- Poster
- Directed by: Pankaj Parashar
- Written by: Pankaj Parashar
- Produced by: Children's Film Society, India (CFSI)
- Starring: Raghubir Yadav Abhishek Chitlangia Tisca Chopra Kurush Deboo Amjad Khan Kalpana Iyer
- Narrated by: Shabana Azmi
- Cinematography: Sunil Sharma
- Edited by: Afaq Hussain
- Music by: Louis Banks
- Release date: 4 September 1992;
- Running time: 88 minutes
- Country: India
- Language: Hindi

= Aasmaan Se Gira =

1992 film directed by Pankaj Parashar

Aasmaan Se Gira (transl. Fallen from the Sky) is an Indian Hindi-language children's film written and directed by Pankaj Parashar, released on 4 September 1992. The film featured Raghubir Yadav, Abhishek Chitlangia, Rakesh Shrivastava, Sunil Ranade, Kurush Deboo, Amjad Khan and Kalpana Iyer in leading roles. The film also has a host of Bollywood actors in guest appearances including Sridevi, Anil Kapoor, Tisca Chopra and Anupam Kher. This was Tisca Chopra's debut film. She was credited with Tisca Arora in the film which is her maiden name.

== Plot ==
A young prince unsatisfied with his restrictive royal lifestyle encounters a mystical man whom he called Trishanku, who has come from another planet. Over the time, their friendship blooms, and young prince experiences joy and liberation through their bond. But soon, Trishanku has to return to his home.

== Cast ==

- Abhishek Chitlangia - Kautuk
- Raghubir Yadav - Trishanku
- Anupam Kher - Mad person at the sanitarium
- Amjad Khan - Alien ruler
- Kalpana Iyer - Masheela
- Kurush Deboo - Royal Philosophy Teacher
- Sridevi - Forest Goddess
- Anil Kapoor - Himself

== Soundtrack ==
The film had six tracks which were written by Kamlesh Pandey and the music was composed by Louis Banks.

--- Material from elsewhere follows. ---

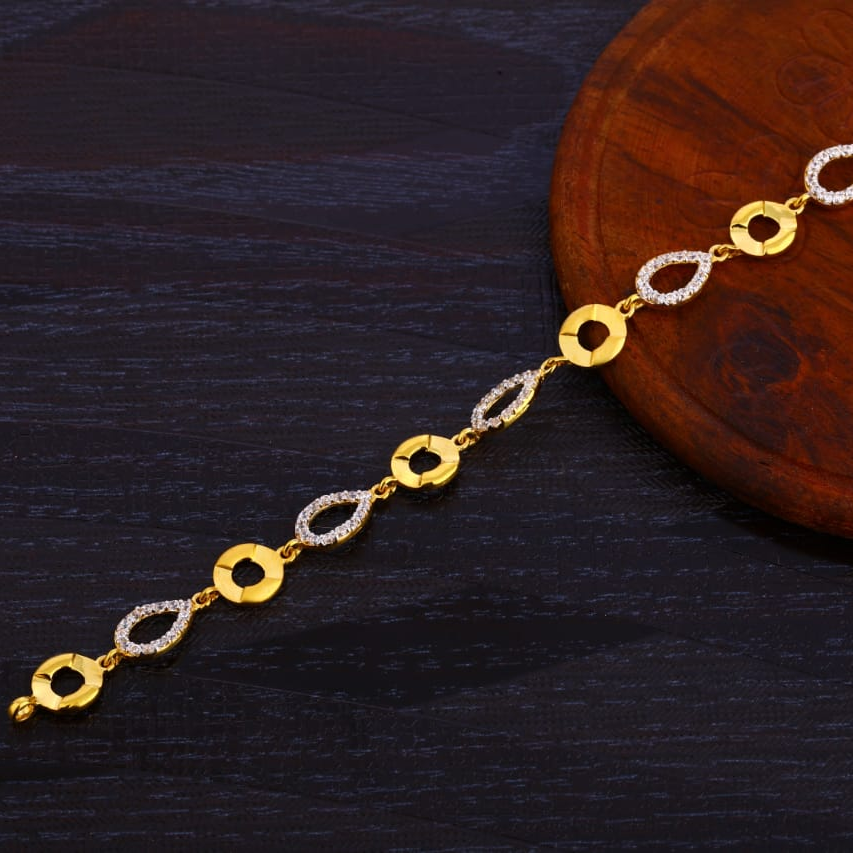 916 Gold Ladies Hallmark Designer  Bracelet LB369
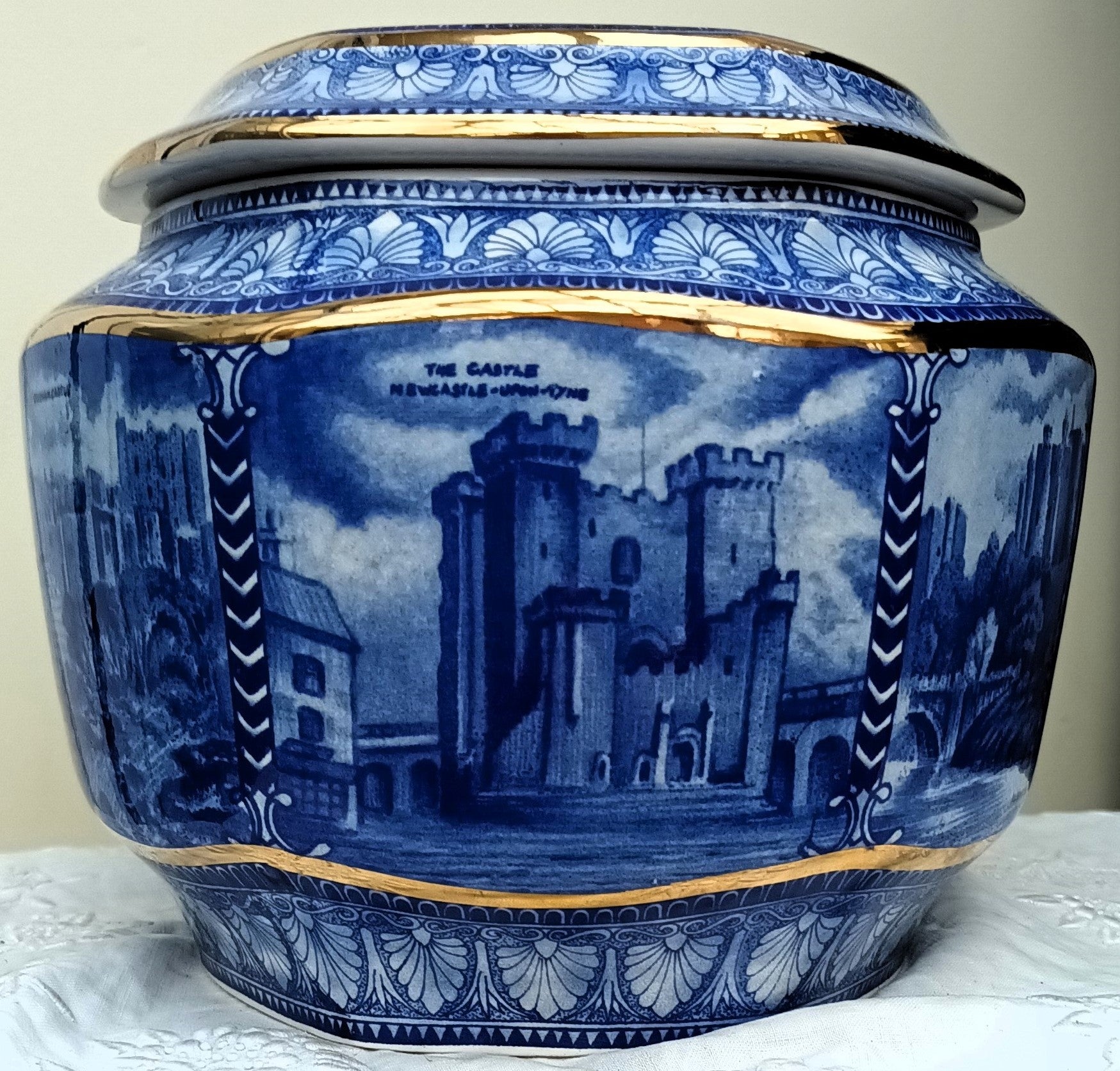 Wade / Ringtons Blue & White Transfer Ware Millenium 2000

| Track# | Title | Singer(s) |
|---|---|---|
| 1 | "Ghar Jaanam - 1" | Shailendra, Suresh Wadkar |
| 2 | "Ghar Jaanam - 2" | Suresh Wadekar |
| 3 | "Ghar Jaanam - 3" | Shailendra |
| 4 | "Ghar Jaanam - Duet" | Suresh Wadkar, Kavita Krishnamurti |
| 5 | "Mujhe Ghara Jana Hai" | Raghubir Yadav, Master Abhishek |
| 6 | "Roop Ki Raani" | Hema Sardesai |

== Release ==
The film was released on 4 September 1992. Anil Kapoor and Sridevi were wrongly projected as the lead pair for the publicity but they only had guest appearances in the film.